The U.S. government is warning about the resurgence of BlackCat (aka ALPHV) ransomware attacks targeting the healthcare sector as recently as this month.
“Since mid-December 2023, of the nearly 70 leaked victims, the healthcare sector has been the most commonly victimized,” the government said in an updated advisory.
“This is likely in response to the ALPHV/BlackCat administrator’s post encouraging its affiliates to target hospitals after operational action against the group and its infrastructure in early December 2023.”
The alert comes courtesy of the Federal Bureau of Investigation (FBI), the Cybersecurity and Infrastructure Security Agency (CISA), and the Department of Health and Human Services (HHS).
The BlackCat ransomware operation suffered a major blow late last year after a coordinated law enforcement operation led to the seizure of its dark leak sites. But the takedown turned out to be a failure after the group managed to regain control of the sites and switched to a new TOR data leak portal that continues to remain active to date.
It has also ramped up assaults against critical infrastructure organizations in recent weeks, having claimed responsibility for attacks on Prudential Financial, LoanDepot, Trans-Northern Pipelines, and UnitedHealth Group subsidiary Optum.
The development has prompted the U.S. government to announce financial rewards of up to $15 million for information leading to the identification of key members as well as affiliates of the e-crime group.
BlackCat’s ransomware spree coincides with the return of LockBit after similar disruption efforts led by the U.K. National Crime Agency (NCA) last week. Zscaler ThreatLabz said the ransomware gang has updated its encryptor’s ransom notes with TOR URLs pointing to the new infrastructure.
According to a report from SC Magazine, the threat actors breached Optum’s network by leveraging the recently disclosed critical security flaws in ConnectWise’s ScreenConnect remote desktop and access software.

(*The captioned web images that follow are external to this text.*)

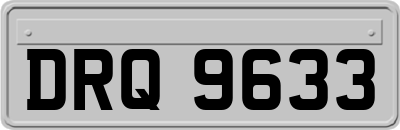 DRQ9633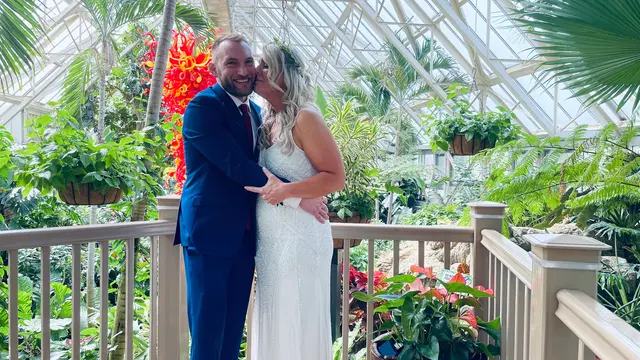 Alternative Weddings Officiant — photo from the business 12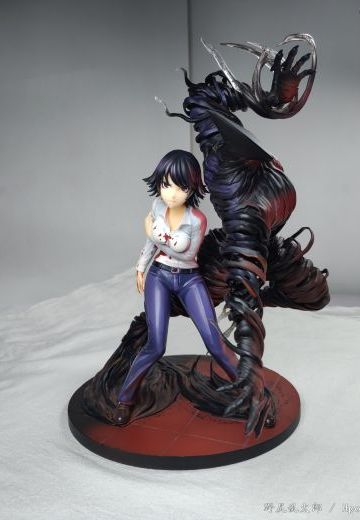 亚人 IBM 下村泉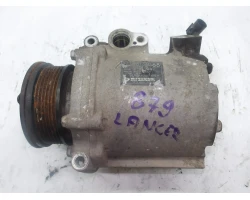 COMPRESSORE CLIMATIZZATORE Mitsubishi Lancer 2008 1.8 7813a068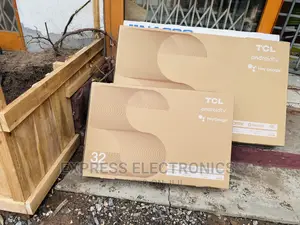 Very Affordable Price TCL 32S5400 a FHD Satellite Digital Tv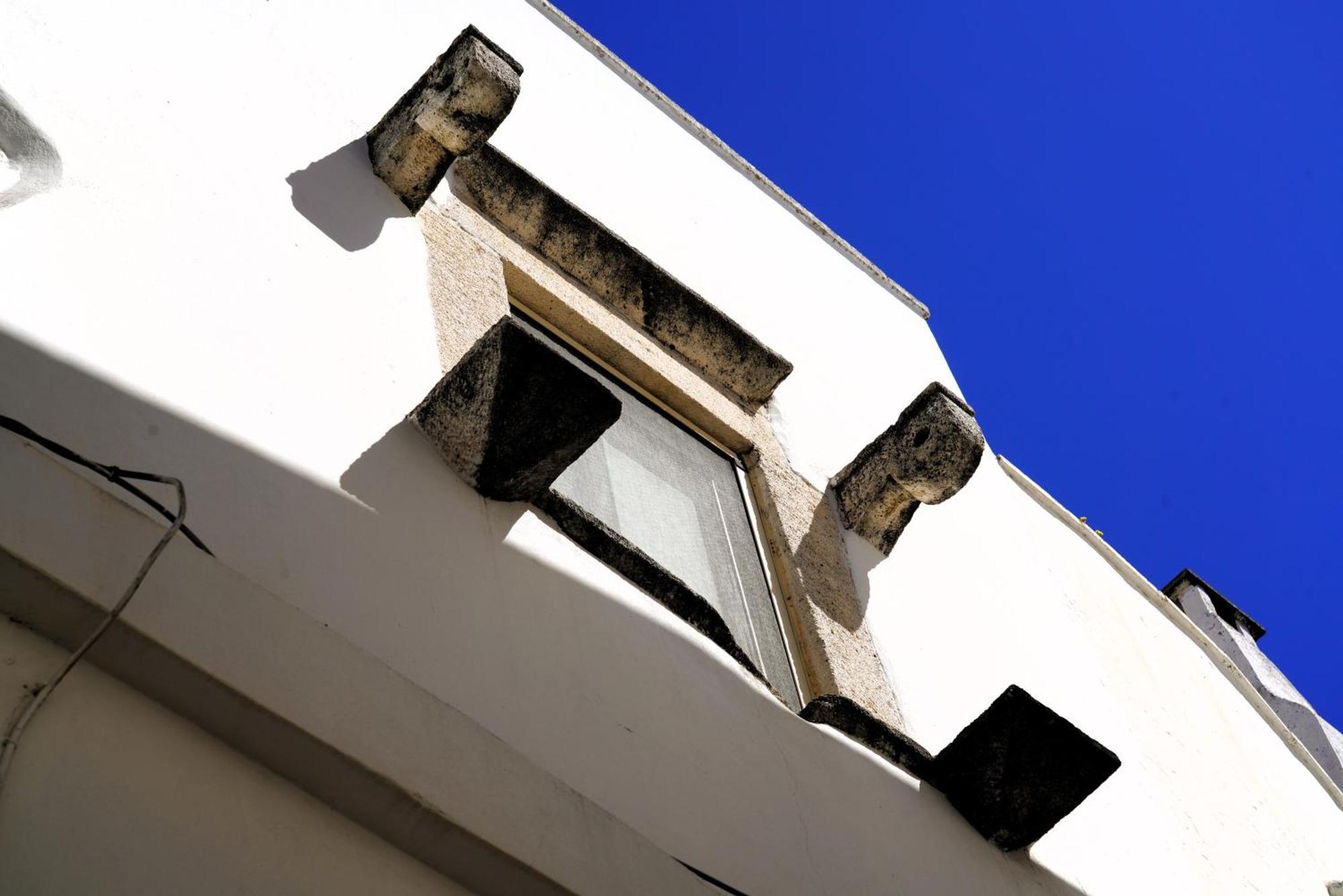 Dimora Lo Scrigno - Una Perla Nel Cuore Di Ostuni Buitenkant foto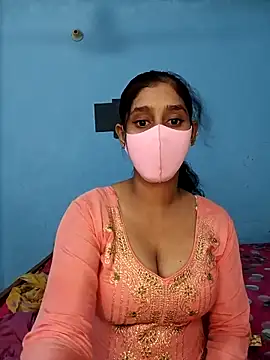 Cute Faria online show from 09-17-25, 05:36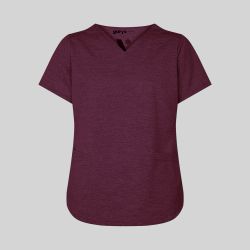 Blusa Mujer Irina Vigoré (Microfibra 360)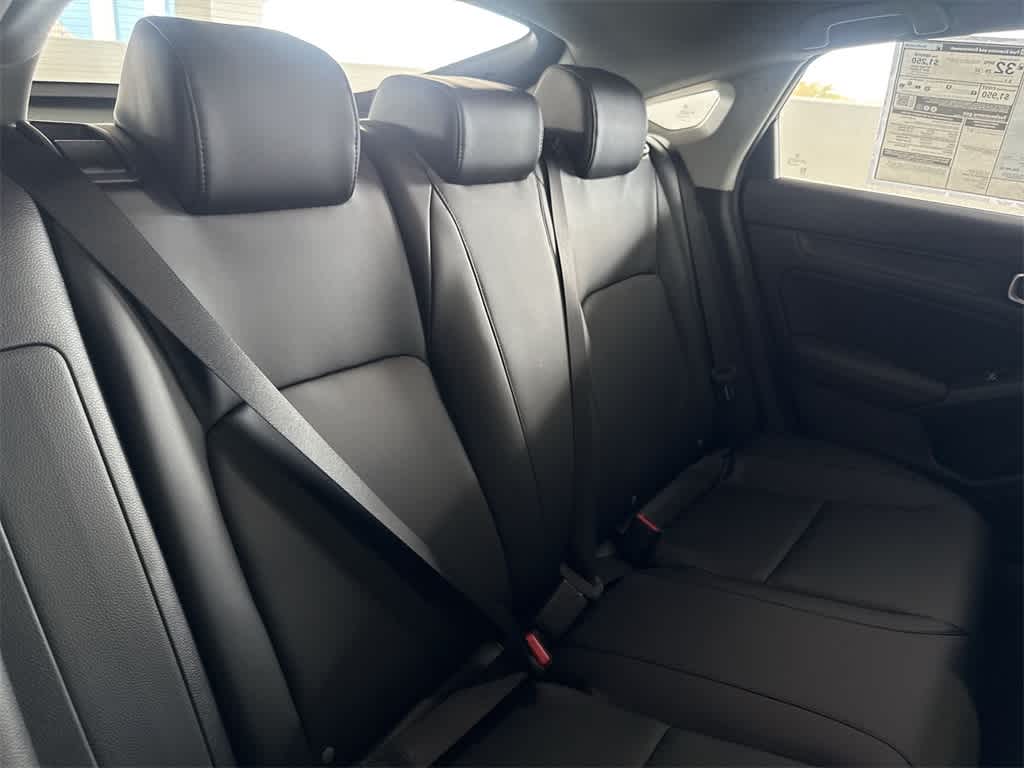 2026 Acura Integra INTEGRA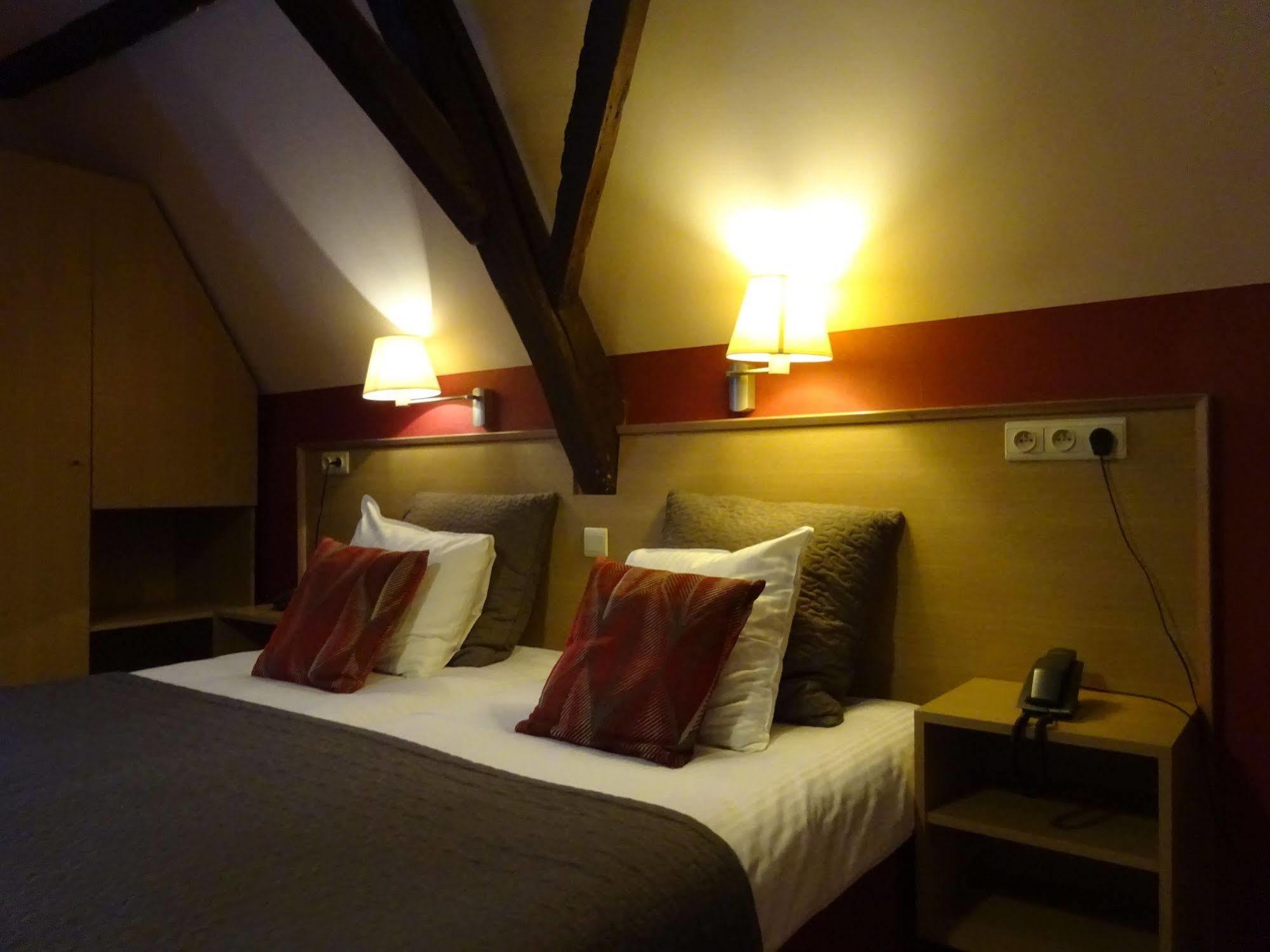 Boutique Hotel Malleberg Bruggy Exteriér fotografie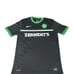 Nike Celtic Tennents Football Soccer Jersey Black Size M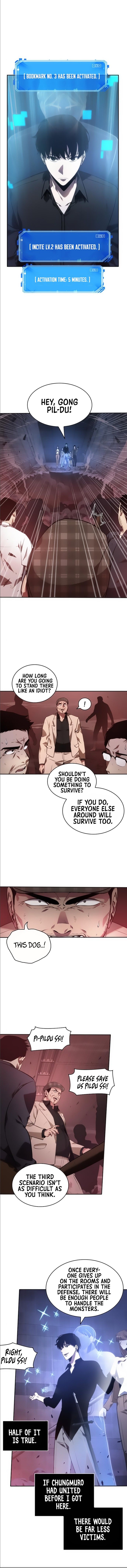 Omniscient Reader's Viewpoint chapter 35 page 9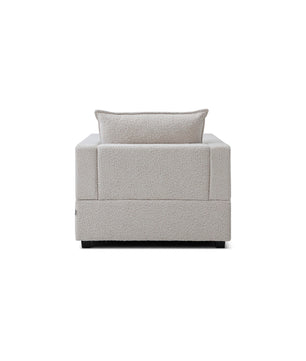 Luna Armchair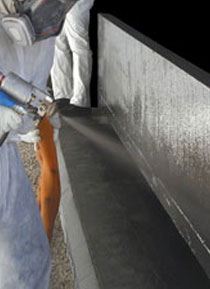 Buffalo Protective Polyurea Coatings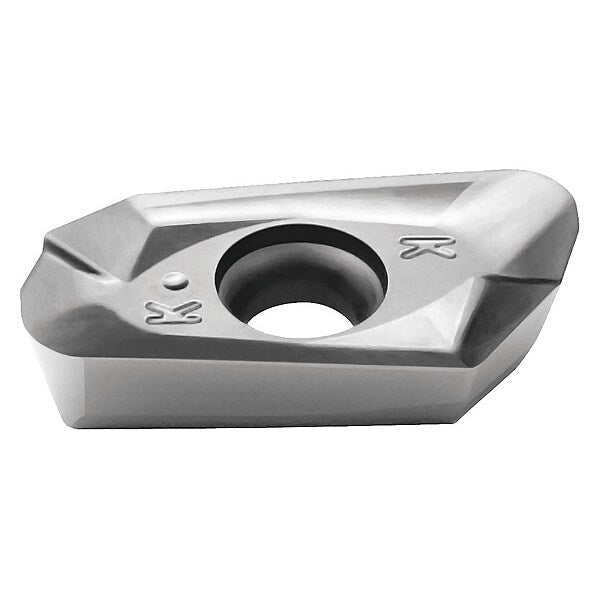 Diamond Milling Insert, ZDGT, 0.1570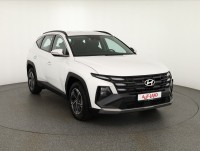 Hyundai Tucson 1.6T-GDI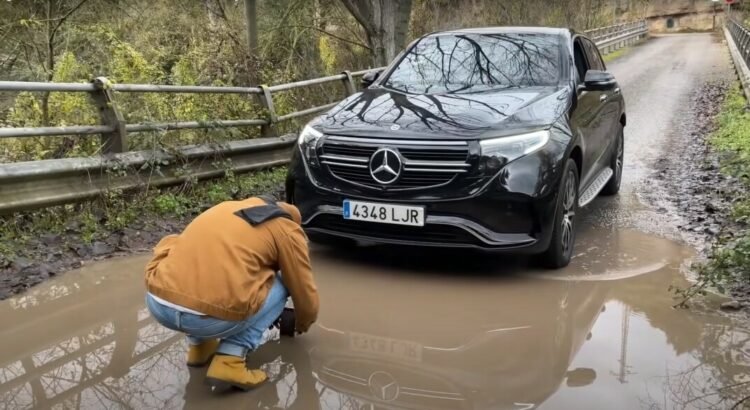 Vidéo : Comment Filmer Une Publicité Automobile Uniquement Avec Un Iphone ?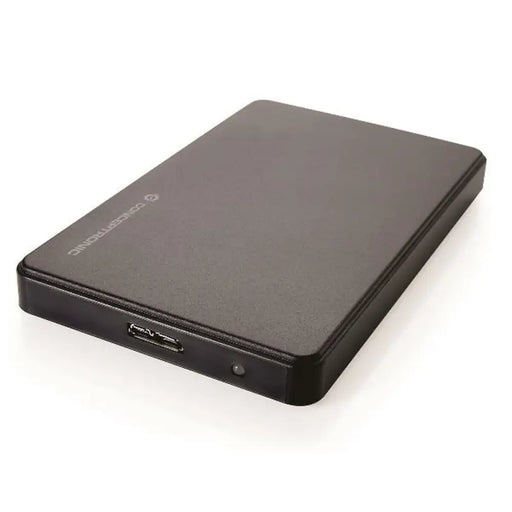 Корпус за твръд диск Conceptronic 130000903501 Черен 2,5’’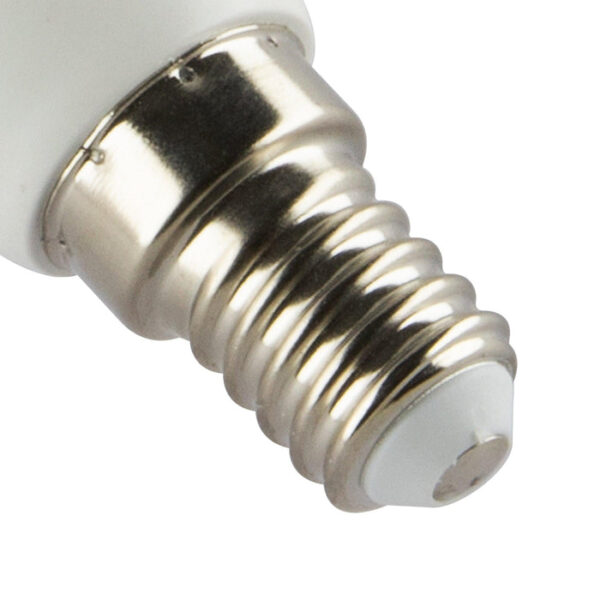 Tronic 3 Watts LED Candle Bulb E14 (Small Screw)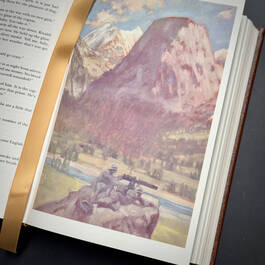 3998081 a farewell to arms ernest hemingwayillustration6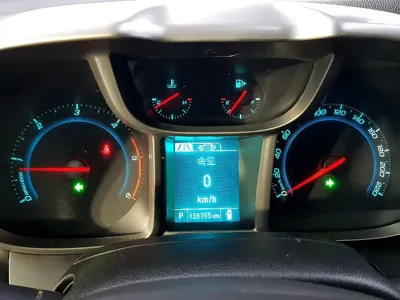 ChevroletGMDaewoo Orlando 2015, 138765 км, за 2344.21 USD - фото 8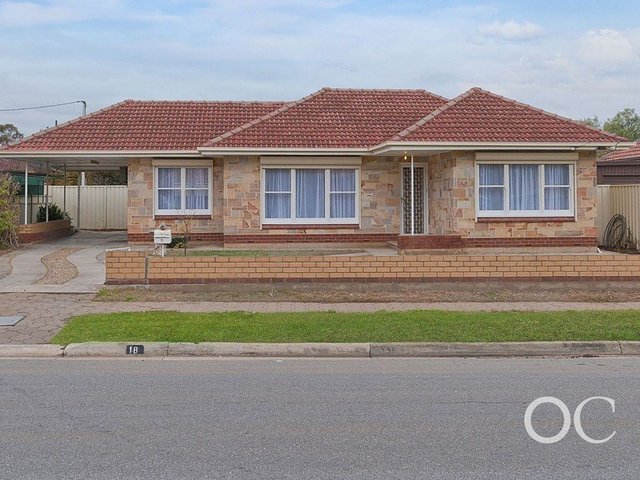 18 Eliza Street, SA 5108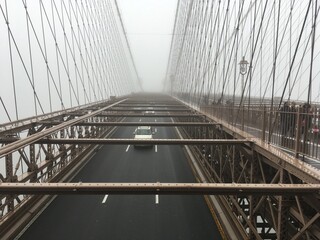 Fototapeta premium Manhattan
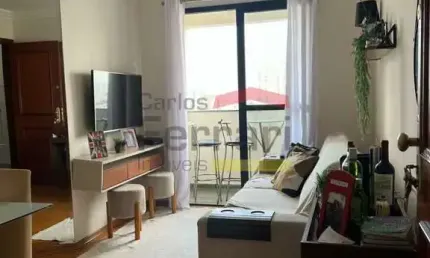 Apartamento com 3 quartos à venda na Avenida Santa Inês, 1969, Parque Mandaqui, São Paulo
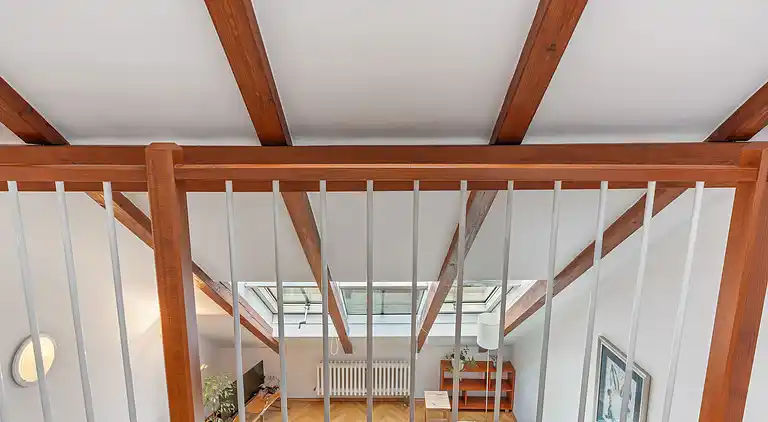 Feriebolig i Nové Město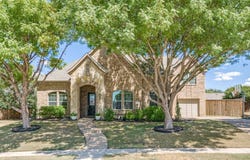 831 Texcoco Drive, Prosper, TX 75078
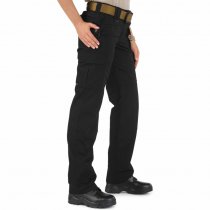 5.11 Womens Taclite Pro Pant - Black - 4 - Regular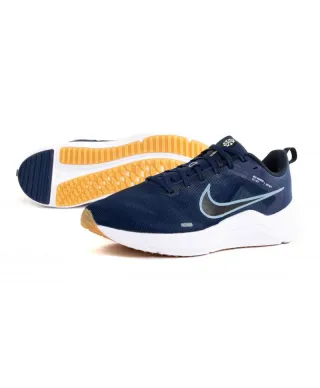 Buty Nike Downshifter 12 M DD9293-400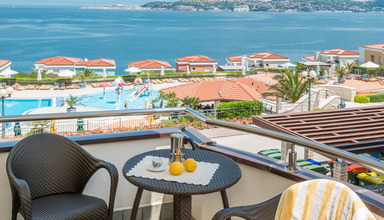 Skiper Resort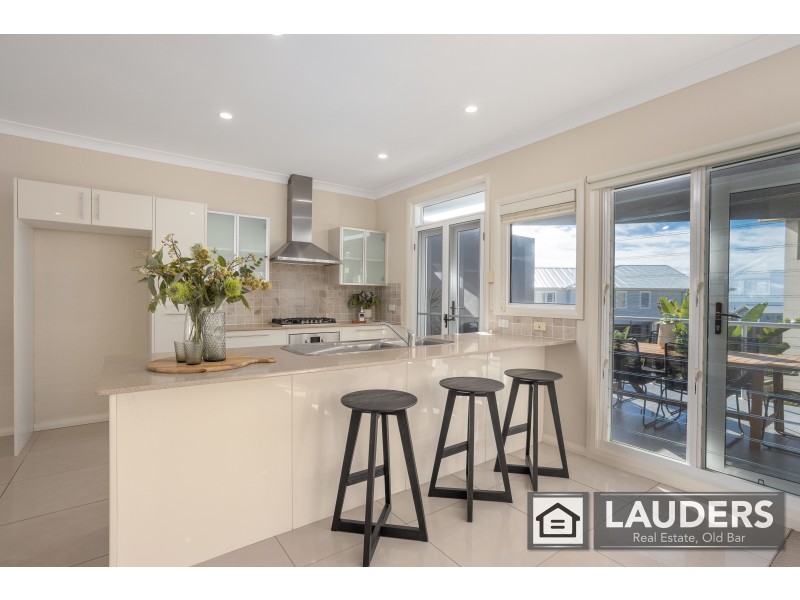 3a/38 Lewis Street, Old Bar NSW 2430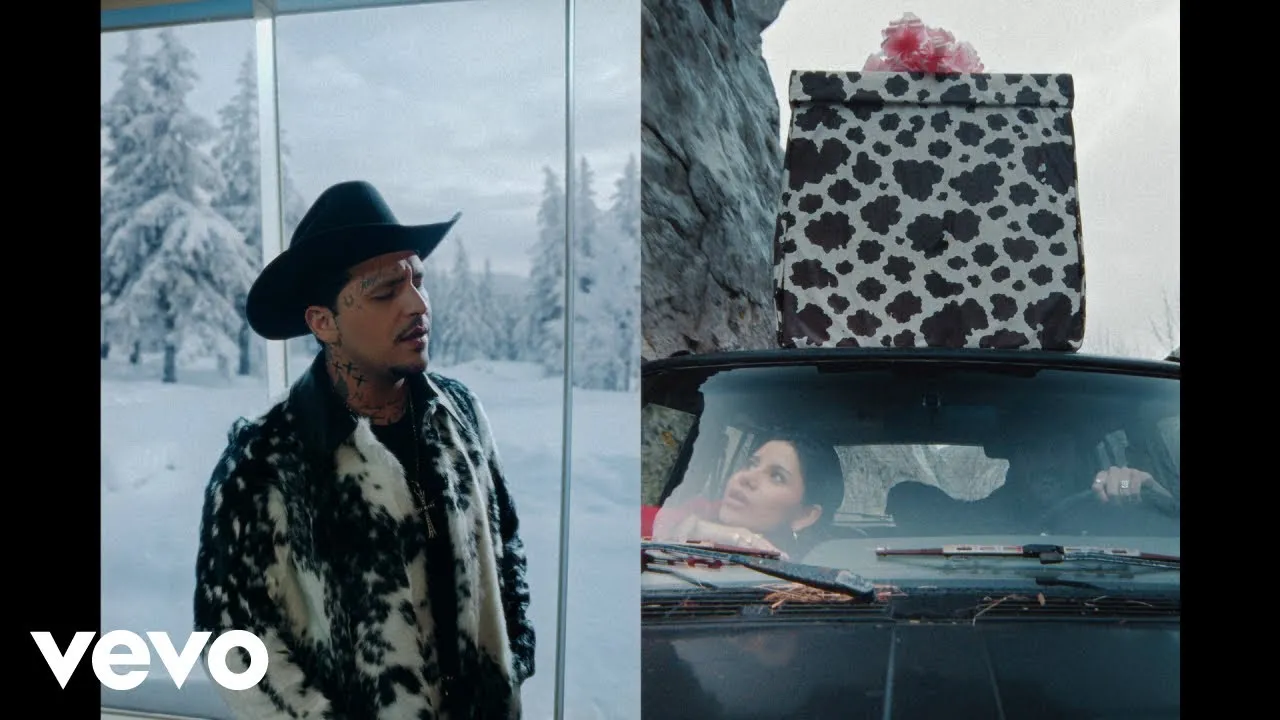 Christian Nodal  Un Vals Mp3 Download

BlackCat, however, has refuted that it used ConnectWise flaws in its attack against Optum. “For all those cyber intelligence so called expert dumbasses we did not use ConnectWise exploit as our initial access so you should base your reports you tell people on actual facts not kiddi speculations,” it claimed.
The flaws, which allow for remote code execution on susceptible systems, have been weaponized by the Black Basta and Bl00dy ransomware gangs as well as by other threat actors to deliver Cobalt Strike Beacons, XWorm, and remote management tools like Atera, Syncro, and even another ScreenConnect client.
The mass exploitation of the two vulnerabilities has also been complemented by adversaries exploiting ScreenConnect and deploying a new Windows variant of KrustyLoader, which was previously spotted as part of a campaign targeting critical vulnerabilities in Ivanti Connect Secure appliances.
Attack surface management firm Censys said, as of February 27, 2024, it observed no less than 3,400 exposed potentially vulnerable ScreenConnect hosts online, with a majority of them located in the U.S., Canada, the U.K., Australia, Germany, France, India, the Netherlands, Turkey, and Ireland.
“It’s clear that remote access software like ScreenConnect continues to be a prime target for threat actors,” Censys security researcher Himaja Motheram said.
The findings come as ransomware groups like RansomHouse, Rhysida, and a Phobos variant called Backmydata have continued to compromise various organizations in the U.S., U.K., Europe, and the Middle East.
In a sign that these cybercrime groups are shifting to more nuanced and sophisticated tactics, RansomHouse has been found utilizing a custom tool dubbed MrAgent to deploy the file-encrypting malware at scale.
“MrAgent is a binary designed to run on [VMware ESXi] hypervisors, with the sole purpose of automating and tracking the deployment of ransomware across large environments with a high number of hypervisor systems,” Trellix said. Details of MrAgent first came to light in September 2023.
Another significant tactic adopted by some ransomware groups is the sale of direct network access as a new monetization method via their own blogs, on Telegram channels, or data leak websites, KELA said.
It also follows the public release of a Linux-specific, C-based ransomware threat known as Kryptina, which surfaced in December 2023 on underground forums and has since been made available for free on BreachForums by its creator.
“The release of the RaaS source code, complete with extensive documentation, could have significant implications for the spread and impact of ransomware attacks against Linux systems,” SentinelOne researcher Jim Walter said.
“It is likely to increase the ransomware builder’s attractiveness and usability, drawing in yet more low-skilled participants to the cybercrime ecosystem. There is also significant risk that it will lead to the development of multiple spin-offs and an increase in attacks.”
(The story was updated after publication to include additional information about the exploitation of ConnectWise ScreenConnect flaws.)